- YOUR ASSIGNMENT -
Some entries follow. Reproduce exactly the lines starting at the one with "Minsk, Beyaz Rusya, 3" and stopping after the one with "Motorradparkplatz in Premià".

- MATERIAL FOR THE TASK -
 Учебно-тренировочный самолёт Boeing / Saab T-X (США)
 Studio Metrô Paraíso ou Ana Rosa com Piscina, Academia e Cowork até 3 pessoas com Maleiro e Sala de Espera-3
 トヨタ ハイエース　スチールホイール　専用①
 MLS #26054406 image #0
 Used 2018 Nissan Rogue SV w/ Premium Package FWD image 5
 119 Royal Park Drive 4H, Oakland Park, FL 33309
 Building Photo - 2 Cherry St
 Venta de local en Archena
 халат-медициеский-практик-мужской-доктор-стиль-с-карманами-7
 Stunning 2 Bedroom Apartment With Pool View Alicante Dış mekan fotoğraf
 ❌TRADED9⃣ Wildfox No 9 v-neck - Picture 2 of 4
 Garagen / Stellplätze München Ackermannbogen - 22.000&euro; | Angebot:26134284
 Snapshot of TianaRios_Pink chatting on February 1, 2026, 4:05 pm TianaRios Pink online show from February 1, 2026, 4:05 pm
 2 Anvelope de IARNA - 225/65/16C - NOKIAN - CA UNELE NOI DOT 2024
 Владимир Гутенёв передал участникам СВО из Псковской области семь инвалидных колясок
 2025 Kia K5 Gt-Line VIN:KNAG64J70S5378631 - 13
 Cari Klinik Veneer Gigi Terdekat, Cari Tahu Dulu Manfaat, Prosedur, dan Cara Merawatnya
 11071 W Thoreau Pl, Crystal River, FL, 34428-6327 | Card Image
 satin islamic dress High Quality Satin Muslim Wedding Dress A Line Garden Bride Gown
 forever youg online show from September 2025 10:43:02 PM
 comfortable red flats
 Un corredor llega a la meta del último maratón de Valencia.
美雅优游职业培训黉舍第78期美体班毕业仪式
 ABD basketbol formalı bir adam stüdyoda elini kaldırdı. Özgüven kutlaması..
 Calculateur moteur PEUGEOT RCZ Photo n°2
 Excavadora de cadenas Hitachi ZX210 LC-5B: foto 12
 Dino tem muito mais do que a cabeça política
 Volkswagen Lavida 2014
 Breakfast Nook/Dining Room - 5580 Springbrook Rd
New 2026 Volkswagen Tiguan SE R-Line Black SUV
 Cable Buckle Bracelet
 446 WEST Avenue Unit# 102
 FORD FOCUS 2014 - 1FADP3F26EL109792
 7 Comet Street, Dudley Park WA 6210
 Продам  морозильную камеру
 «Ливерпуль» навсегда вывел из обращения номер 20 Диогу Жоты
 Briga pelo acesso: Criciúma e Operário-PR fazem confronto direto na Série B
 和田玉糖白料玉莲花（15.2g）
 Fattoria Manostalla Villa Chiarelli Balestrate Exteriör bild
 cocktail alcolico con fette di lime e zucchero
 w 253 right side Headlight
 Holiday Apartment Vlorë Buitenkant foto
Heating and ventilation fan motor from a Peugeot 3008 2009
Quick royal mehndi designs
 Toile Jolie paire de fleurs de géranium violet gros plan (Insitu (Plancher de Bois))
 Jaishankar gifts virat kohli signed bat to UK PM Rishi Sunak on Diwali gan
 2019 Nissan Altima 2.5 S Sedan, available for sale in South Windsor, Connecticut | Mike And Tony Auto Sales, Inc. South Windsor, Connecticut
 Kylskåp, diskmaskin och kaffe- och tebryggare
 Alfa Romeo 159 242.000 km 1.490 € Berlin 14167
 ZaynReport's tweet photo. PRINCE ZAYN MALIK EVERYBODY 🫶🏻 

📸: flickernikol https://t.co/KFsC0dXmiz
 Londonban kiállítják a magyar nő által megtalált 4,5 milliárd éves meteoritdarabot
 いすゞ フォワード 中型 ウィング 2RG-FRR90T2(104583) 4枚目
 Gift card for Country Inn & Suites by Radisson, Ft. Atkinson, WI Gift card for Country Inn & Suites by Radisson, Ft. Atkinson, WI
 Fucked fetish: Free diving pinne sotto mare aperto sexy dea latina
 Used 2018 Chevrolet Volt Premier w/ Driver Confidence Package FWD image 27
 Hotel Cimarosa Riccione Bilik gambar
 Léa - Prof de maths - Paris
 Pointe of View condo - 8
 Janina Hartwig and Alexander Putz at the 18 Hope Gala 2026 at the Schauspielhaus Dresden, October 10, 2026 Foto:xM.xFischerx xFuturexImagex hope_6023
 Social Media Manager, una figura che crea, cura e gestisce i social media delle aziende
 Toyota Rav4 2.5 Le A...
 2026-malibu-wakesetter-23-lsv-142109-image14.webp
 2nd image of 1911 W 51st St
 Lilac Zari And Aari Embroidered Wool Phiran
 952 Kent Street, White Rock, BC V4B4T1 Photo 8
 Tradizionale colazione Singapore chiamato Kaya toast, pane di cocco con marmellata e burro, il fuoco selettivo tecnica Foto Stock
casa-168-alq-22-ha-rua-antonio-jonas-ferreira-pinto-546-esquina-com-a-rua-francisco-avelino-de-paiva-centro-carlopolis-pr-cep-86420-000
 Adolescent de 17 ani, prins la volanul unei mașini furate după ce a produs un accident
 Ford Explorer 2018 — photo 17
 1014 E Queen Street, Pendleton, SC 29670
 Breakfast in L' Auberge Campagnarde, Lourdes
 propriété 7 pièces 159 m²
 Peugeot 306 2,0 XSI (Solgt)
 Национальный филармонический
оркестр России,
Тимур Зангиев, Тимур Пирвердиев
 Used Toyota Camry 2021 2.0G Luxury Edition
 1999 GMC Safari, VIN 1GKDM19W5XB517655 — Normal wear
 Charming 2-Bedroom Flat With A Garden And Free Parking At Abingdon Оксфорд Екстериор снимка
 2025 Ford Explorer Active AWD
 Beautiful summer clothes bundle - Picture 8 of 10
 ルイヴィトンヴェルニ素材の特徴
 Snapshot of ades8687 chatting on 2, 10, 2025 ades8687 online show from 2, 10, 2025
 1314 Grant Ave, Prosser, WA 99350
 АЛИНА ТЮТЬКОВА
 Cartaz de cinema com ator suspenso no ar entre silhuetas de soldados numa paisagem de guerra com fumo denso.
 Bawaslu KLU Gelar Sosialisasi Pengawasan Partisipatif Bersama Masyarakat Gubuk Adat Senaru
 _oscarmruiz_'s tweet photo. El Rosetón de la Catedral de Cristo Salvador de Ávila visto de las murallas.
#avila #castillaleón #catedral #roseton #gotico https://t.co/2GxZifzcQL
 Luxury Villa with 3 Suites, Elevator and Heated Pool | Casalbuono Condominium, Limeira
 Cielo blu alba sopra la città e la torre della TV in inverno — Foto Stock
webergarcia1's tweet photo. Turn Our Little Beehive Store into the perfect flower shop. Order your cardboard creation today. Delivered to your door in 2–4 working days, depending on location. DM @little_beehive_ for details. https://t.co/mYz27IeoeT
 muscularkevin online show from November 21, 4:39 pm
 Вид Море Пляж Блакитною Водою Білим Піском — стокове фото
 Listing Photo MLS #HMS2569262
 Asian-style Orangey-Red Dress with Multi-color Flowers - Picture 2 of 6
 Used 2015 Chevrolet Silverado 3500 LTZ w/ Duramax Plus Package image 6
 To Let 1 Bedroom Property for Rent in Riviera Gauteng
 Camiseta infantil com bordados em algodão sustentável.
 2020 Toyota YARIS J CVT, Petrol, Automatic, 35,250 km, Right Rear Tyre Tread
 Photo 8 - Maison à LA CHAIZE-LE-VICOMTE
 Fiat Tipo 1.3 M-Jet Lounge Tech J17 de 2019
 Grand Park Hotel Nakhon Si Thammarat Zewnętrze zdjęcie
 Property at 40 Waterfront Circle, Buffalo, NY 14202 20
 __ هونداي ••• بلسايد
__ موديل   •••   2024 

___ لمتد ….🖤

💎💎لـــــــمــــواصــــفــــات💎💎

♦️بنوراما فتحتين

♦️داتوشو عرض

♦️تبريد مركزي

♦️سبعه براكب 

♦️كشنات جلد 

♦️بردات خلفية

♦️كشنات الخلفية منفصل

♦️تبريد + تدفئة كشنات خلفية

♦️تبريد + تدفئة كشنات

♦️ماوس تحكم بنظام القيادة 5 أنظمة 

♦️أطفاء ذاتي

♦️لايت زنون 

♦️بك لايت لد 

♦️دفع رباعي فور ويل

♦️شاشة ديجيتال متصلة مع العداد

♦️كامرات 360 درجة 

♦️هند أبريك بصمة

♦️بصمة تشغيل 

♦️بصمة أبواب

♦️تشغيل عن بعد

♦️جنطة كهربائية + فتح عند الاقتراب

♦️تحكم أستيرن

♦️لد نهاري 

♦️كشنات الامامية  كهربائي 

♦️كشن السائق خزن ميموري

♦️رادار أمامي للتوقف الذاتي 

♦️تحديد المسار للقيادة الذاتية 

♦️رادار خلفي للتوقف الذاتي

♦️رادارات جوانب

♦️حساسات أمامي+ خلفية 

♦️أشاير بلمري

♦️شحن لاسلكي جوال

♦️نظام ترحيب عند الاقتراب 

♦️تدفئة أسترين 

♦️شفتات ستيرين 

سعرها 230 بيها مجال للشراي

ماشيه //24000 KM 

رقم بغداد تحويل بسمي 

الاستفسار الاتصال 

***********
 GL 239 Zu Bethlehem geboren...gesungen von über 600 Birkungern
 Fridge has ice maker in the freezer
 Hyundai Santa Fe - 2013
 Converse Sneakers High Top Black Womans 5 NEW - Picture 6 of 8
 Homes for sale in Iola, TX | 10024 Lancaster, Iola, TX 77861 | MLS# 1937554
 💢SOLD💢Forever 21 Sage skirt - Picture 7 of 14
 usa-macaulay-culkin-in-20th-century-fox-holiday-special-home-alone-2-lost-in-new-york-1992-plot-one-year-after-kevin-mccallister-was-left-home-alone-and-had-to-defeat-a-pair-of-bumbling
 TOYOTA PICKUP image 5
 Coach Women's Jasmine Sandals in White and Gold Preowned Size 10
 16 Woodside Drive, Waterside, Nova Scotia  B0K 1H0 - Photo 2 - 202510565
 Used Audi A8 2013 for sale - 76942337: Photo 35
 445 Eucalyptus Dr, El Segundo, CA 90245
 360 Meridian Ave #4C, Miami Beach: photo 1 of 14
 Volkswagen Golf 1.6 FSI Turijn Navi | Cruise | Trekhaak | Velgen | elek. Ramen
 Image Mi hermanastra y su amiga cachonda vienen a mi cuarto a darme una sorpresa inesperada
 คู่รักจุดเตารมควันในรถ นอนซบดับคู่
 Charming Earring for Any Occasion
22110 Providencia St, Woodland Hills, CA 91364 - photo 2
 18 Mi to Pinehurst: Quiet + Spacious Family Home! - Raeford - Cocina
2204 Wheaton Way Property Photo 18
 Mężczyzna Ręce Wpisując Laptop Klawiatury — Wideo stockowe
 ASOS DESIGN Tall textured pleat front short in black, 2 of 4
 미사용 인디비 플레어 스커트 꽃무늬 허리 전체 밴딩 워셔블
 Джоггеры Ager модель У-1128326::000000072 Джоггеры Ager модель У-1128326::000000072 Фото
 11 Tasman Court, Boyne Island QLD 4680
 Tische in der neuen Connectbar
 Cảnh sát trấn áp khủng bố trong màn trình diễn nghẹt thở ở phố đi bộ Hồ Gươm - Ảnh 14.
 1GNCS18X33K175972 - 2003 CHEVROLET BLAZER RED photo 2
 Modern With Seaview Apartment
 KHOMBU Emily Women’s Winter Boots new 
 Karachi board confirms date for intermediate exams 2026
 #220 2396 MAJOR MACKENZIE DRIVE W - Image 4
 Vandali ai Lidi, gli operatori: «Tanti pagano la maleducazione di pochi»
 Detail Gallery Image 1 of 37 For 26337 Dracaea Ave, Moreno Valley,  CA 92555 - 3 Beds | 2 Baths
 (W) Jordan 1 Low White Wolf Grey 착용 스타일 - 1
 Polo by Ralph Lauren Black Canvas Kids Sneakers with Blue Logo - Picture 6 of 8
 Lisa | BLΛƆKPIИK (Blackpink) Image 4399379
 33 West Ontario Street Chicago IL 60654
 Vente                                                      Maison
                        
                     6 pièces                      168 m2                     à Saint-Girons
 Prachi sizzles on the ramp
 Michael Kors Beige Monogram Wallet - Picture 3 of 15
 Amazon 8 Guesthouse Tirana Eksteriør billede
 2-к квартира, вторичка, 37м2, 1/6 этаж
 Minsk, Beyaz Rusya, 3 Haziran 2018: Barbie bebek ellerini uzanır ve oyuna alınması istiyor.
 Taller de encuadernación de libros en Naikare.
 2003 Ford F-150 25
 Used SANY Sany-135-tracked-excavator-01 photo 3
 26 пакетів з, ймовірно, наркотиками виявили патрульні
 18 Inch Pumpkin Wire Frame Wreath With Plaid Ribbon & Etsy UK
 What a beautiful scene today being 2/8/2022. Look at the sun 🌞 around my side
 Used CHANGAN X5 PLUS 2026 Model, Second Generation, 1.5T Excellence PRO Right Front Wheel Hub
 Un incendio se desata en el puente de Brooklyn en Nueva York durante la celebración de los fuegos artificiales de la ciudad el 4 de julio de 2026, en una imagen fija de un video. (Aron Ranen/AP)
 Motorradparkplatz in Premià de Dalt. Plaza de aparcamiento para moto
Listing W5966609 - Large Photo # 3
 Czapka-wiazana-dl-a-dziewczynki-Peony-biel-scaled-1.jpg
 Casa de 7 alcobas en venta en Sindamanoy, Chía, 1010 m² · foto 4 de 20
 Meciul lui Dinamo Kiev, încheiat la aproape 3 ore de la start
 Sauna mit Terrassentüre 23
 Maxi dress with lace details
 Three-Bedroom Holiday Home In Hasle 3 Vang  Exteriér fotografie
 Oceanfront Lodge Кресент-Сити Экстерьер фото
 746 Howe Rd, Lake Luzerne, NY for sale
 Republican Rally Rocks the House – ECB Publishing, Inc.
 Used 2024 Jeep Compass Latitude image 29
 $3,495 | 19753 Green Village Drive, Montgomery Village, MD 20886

- SOLUTION FOR THIS EXERCISE -
 Minsk, Beyaz Rusya, 3 Haziran 2018: Barbie bebek ellerini uzanır ve oyuna alınması istiyor.
 Taller de encuadernación de libros en Naikare.
 2003 Ford F-150 25
 Used SANY Sany-135-tracked-excavator-01 photo 3
 26 пакетів з, ймовірно, наркотиками виявили патрульні
 18 Inch Pumpkin Wire Frame Wreath With Plaid Ribbon & Etsy UK
 What a beautiful scene today being 2/8/2022. Look at the sun 🌞 around my side
 Used CHANGAN X5 PLUS 2026 Model, Second Generation, 1.5T Excellence PRO Right Front Wheel Hub
 Un incendio se desata en el puente de Brooklyn en Nueva York durante la celebración de los fuegos artificiales de la ciudad el 4 de julio de 2026, en una imagen fija de un video. (Aron Ranen/AP)
 Motorradparkplatz in Premià de Dalt. Plaza de aparcamiento para moto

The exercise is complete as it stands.